RS Rujukan Covid-19 di Kota Jogja Butuh Ribuan Liter Oksigen Setiap Hari

Ilustrasi - Antara/Rahmad
13 Juli 2021 17:17 WIB Yosef Leon Jogja Share :

Harianjogja.com, JOGJA—Kebutuhan oksigen medis untuk memenuhi layanan bagi pasien Covid-19 masih cukup tinggi di Kota Jogja. Sejumlah rumah sakit (RS) rujukan pasien Covid-19 membutuhkan pasokan oksigen di kisaran ribuan liter per hari.

Kepala Bagian Humas dan Marketing RS Bethesda Jogja, Adhiyanto Priambodo, mengatakan Bethesda bisa menghabiskan sebanyak 3.700 liter oksigen per hari. Jumlah itu cukup tinggi akibat pasien Covid-19 yang terus melonjak belakangan ini.

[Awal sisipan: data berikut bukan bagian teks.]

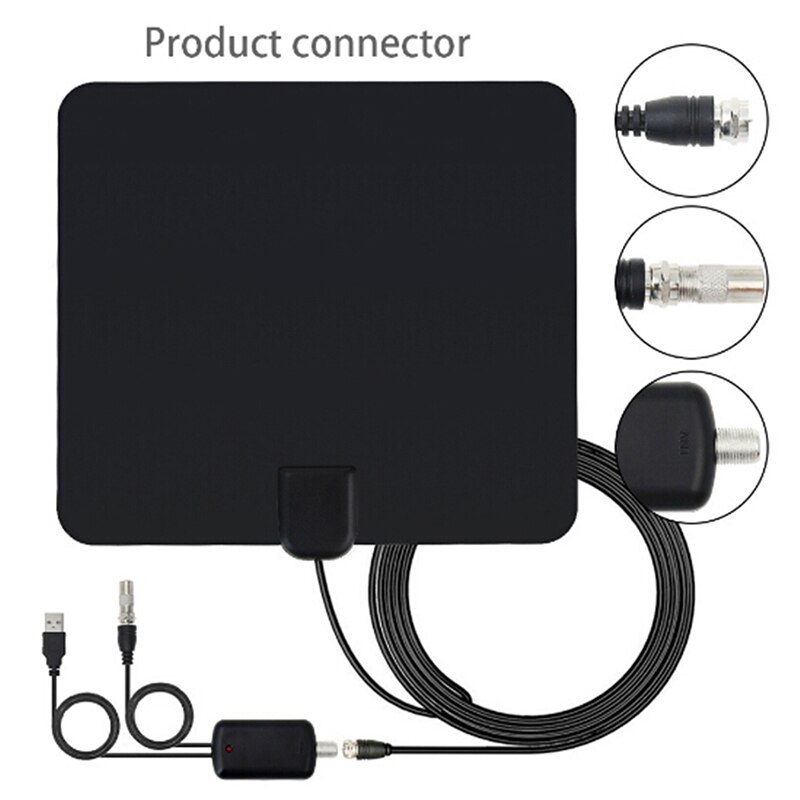 Indoor Digital TV Antenna with Signal Amplifier Booster TV Radius Antena TV Surf Antennas TV Freeview TDT Cable TV Fox Antenna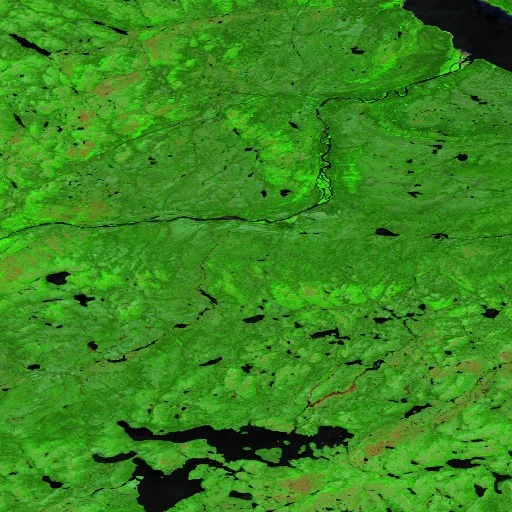 Wildfire near Rivière-Koksoak (Jun 29) — Sentinel-2 SWIR (fuego)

BACA JUGA: Pasien Isoman Covid-19 di DIY Dijatah Obat Gratis, Begini Cara Mendapatkannya

"Kebutuhan harian oksigen 3.700 liter per hari," katanya, Selasa (13/7/2021).

Berbagai cara dilakukan untuk mengatasi krisis oksigen yang beberapa hari terakhir cukup sulit untuk diperoleh. Salah satunya yakni dengan meminta sistem peringatan dini saat oksigen hampir habis.

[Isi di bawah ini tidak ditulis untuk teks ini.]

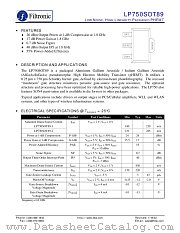 LP750SOT89 datasheet pdf Filtronic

"Untuk antisipasi krisis oksigen kami menerapkan sistem peringatan dini pada saat jumlah oksigen mencapai level tertentu. Jadi ada semacam peringatan," ungkapnya.

Sementara, Humas RS PKU Muhammadiyah Jogja, Anwar Fitanta, mengatakan kebutuhan oksigen likuid sekitar 100 liter per jam dan 2.400 liter. "Kami memakai tabung likuid gede dengan kapasitas enam ton," katanya.

Saat kehabisan stok dan belum mendapat pasokan oksigen baru, rumah sakit menyediakan tabung oksigen kecil dengan ukuran enam meter kubik. Jumlah itu hanya bisa menyuplai kebutuhan oksigen harian dalam jumlah kecil. "Per empat unit tabung hanya bisa suplai oksigen ke sentral untuk 14 menit," ujarnya.

Rumah sakit harus mencari sendiri stok oksigen sampai ke Jawa Timur untuk mengisi ulang pasokan oksigen itu. "Untuk pengisian tabung oksigen yang enam meter kubik, kami RS PKU Muhammadiyah Jogja harus mencari sendiri sampai ke Jawa Timur untuk isi ulang tabung, arena di DIY sudah langka," ungkapnya.